Pioneering 'UCL Cut the Rent' Campaign Wins Further Concessions

‘UCL CUT THE RENT’ SECURES PROGRESSIVE BURSARIES AND RENT FREEZES, BRINGING THE CAMPAIGN’S TOTAL WINS TO £1.49 MILLION.

Today, the ‘UCL Cut the Rent’ campaign announced that their five-month long campaign, which included 200 students going on rent strike, had ended following a series of concessions from UCL. These victories include; the creation of a £600,000 ‘progressive’ bursary for first year undergraduates in the 2017/18 academic year, another £600,000 allocated to rent cuts for the most affordable halls in the 2018/19 academic year, the halving of accommodation deposits to £250 and a rent freeze for 1224 rooms in 2017/18.

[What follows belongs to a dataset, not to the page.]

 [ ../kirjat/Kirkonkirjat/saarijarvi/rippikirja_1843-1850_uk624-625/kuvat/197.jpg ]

The victory builds upon the campaign’s previous efforts of 2015/16, where 1000 students participated in the rent strike. This first strike ended after UCL agreed to allocate £350,000 for students in 2016/17. This brings the cumulative winnings of the two campaigns to £1.49 million.

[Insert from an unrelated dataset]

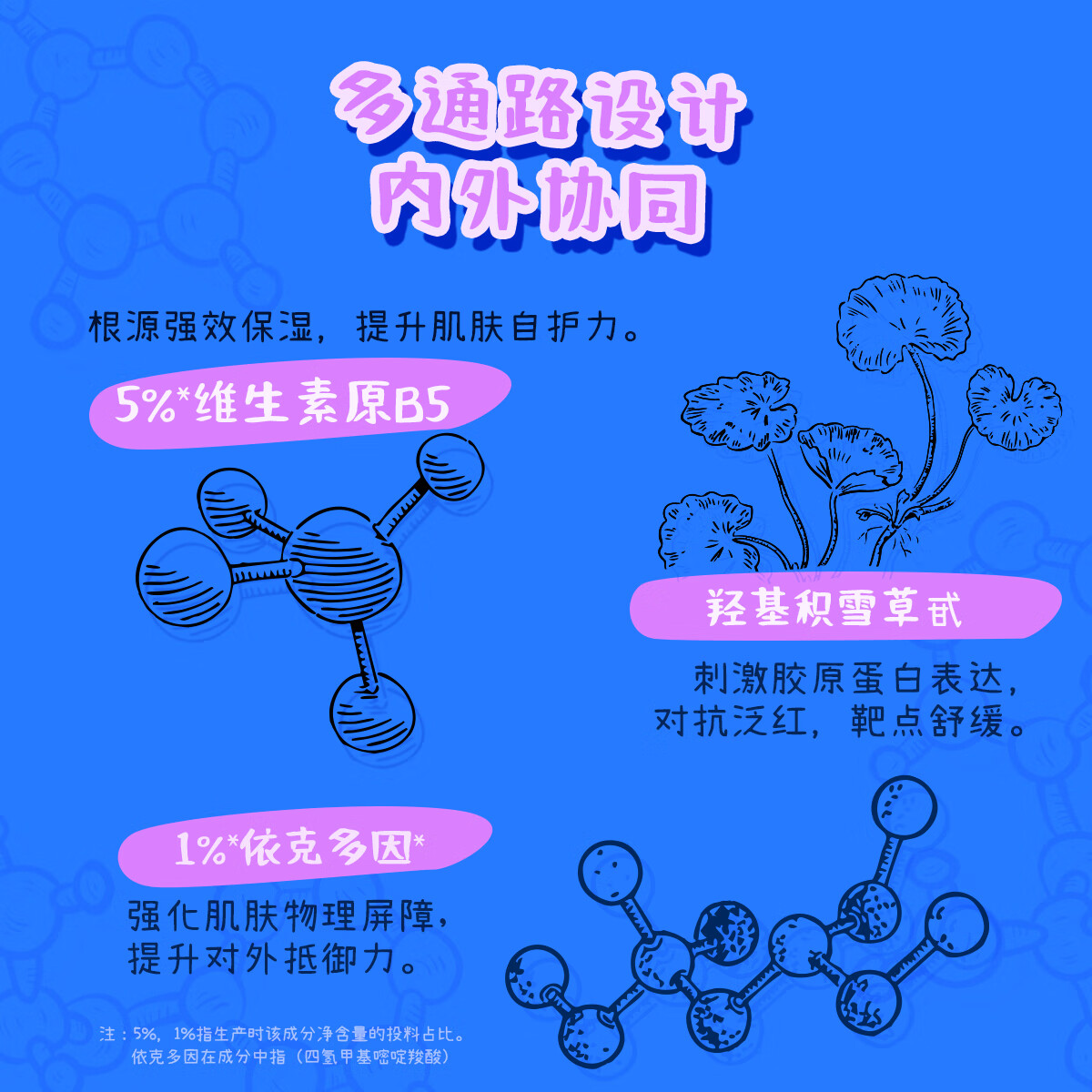 吾相B5兜底精华补水保湿舒缓敏感泛红屏障依克多因积雪草面部乳液 100ml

Part of the agreement stipulates that ‘UCL Cut the Rent’ will continue to work with UCL accommodation in the allocation of the ‘progressive’ bursary. The bursary will ‘extend beyond traditional and limited means testing standards’ and promises to help ‘EU and International students’ and those from ‘higher-income backgrounds struggling to make ends meet due to circumstances such as familial estrangement’.

The campaign has inspired several other university ‘Cut the Rent’ groups. In 2016, the NUS ran a rent strike workshop, which aimed to help students from across the country create their own campaigns, largely because of the successes of ‘UCL Cut the Rent’. ‘Bristol Cut the Rent’ announced on the 29th of June that their own rent strike had ended for the year following the reduction of a planned increase of rents from 4.5% to 3.5%. Likewise, a similar campaign at Goldsmiths university, lead to a cut of 35% to hall rents.

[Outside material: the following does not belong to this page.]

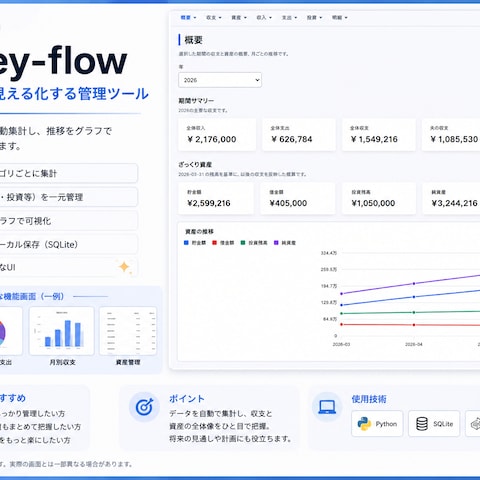 家計管理ツール「money-flow」（Python）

This rise in ‘direct action’ protest takes place upon a backdrop of drastic rent increases across the country. For private tenants, the Royal Institution of Chatered Surveyors predicted that rents will increase by over 25% in the next five years. At UCL, ‘Cut the Rent’ characterises a 48.4% increase in rent between  2009 and 2016 for students as ‘tuition fee increases by stealth’.